Data segment ▸
===============

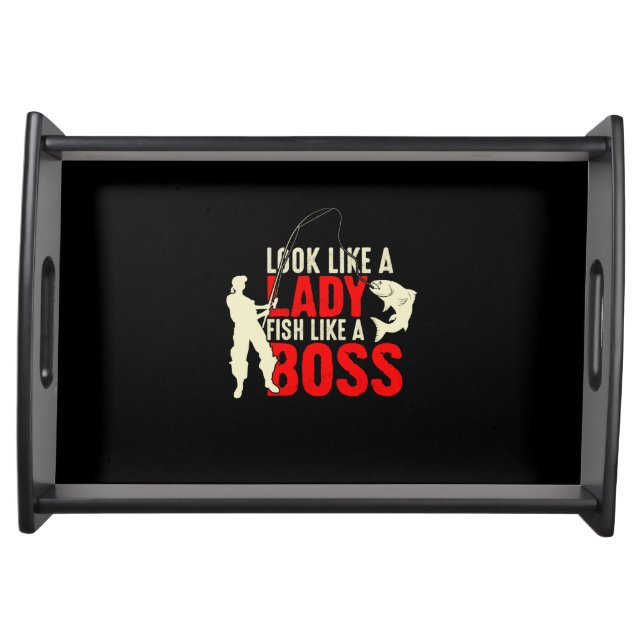 Fisher Gift A Lady Fish Like A Boss Serving Tray (Front)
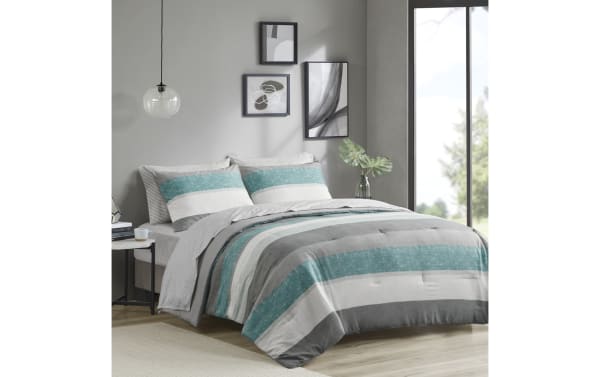 Santos Twin Aqua 5 Piece Striped Comforter Set in contemporary style with aqua, gray, light gray, and white polyester fabric featuring wide horizontal stripes for a cozy, modern bedroom look.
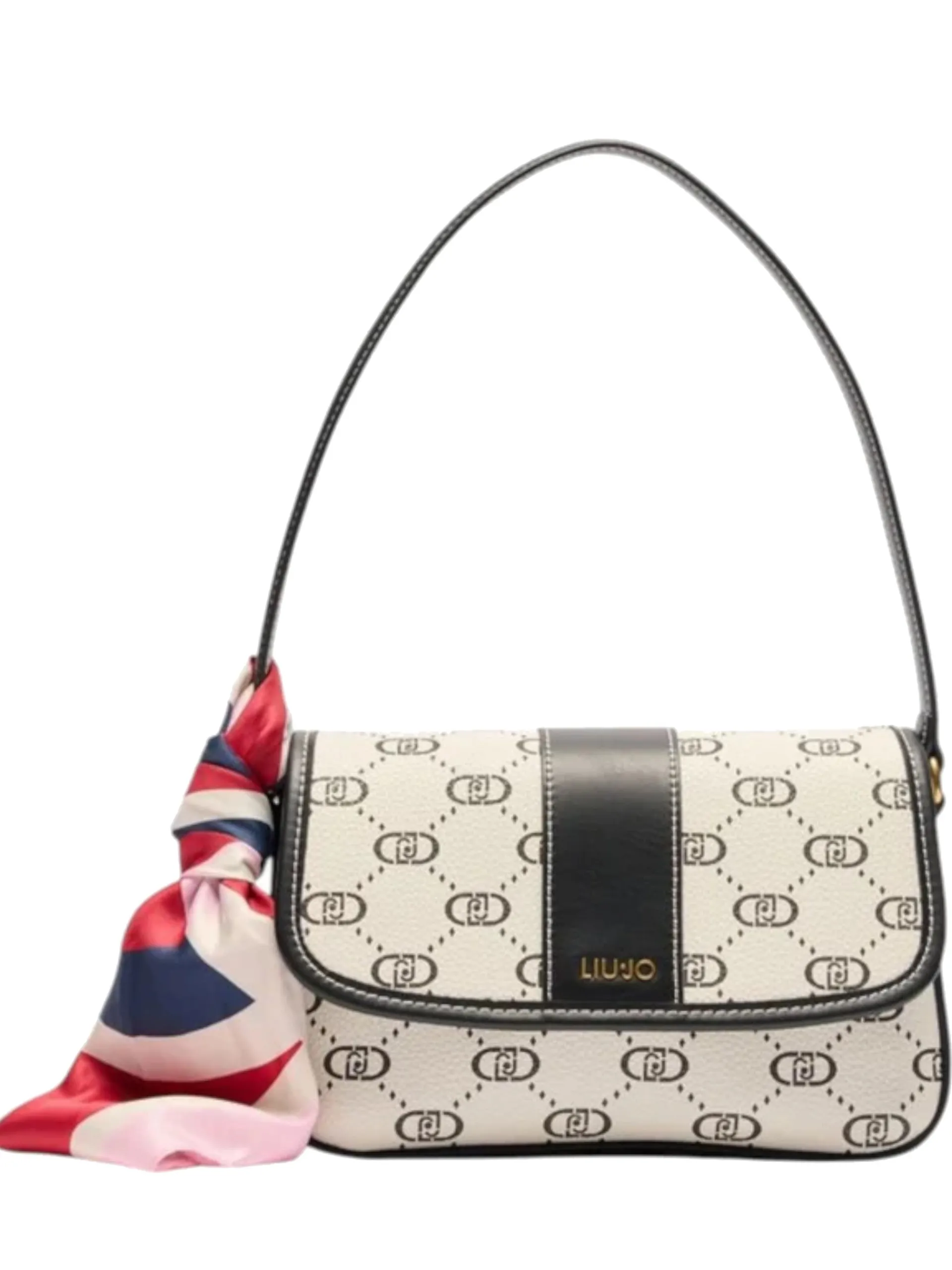 LIU JO MILANO Borse*Borsa Liu Jo bianca e nera ECS S Crossbody da donna con foulard AA5085E0086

===============

Exercise aim ▸ Excluding the pictures, retype the line containing "Santos Twin Aqua" and all lines after it down to the end of the data above.

Response area ▸
 Santos Twin Aqua 5 Piece Striped Comforter Set in contemporary style with aqua, gray, light gray, and white polyester fabric featuring wide horizontal stripes for a cozy, modern bedroom look.
 LIU JO MILANO Borse*Borsa Liu Jo bianca e nera ECS S Crossbody da donna con foulard AA5085E0086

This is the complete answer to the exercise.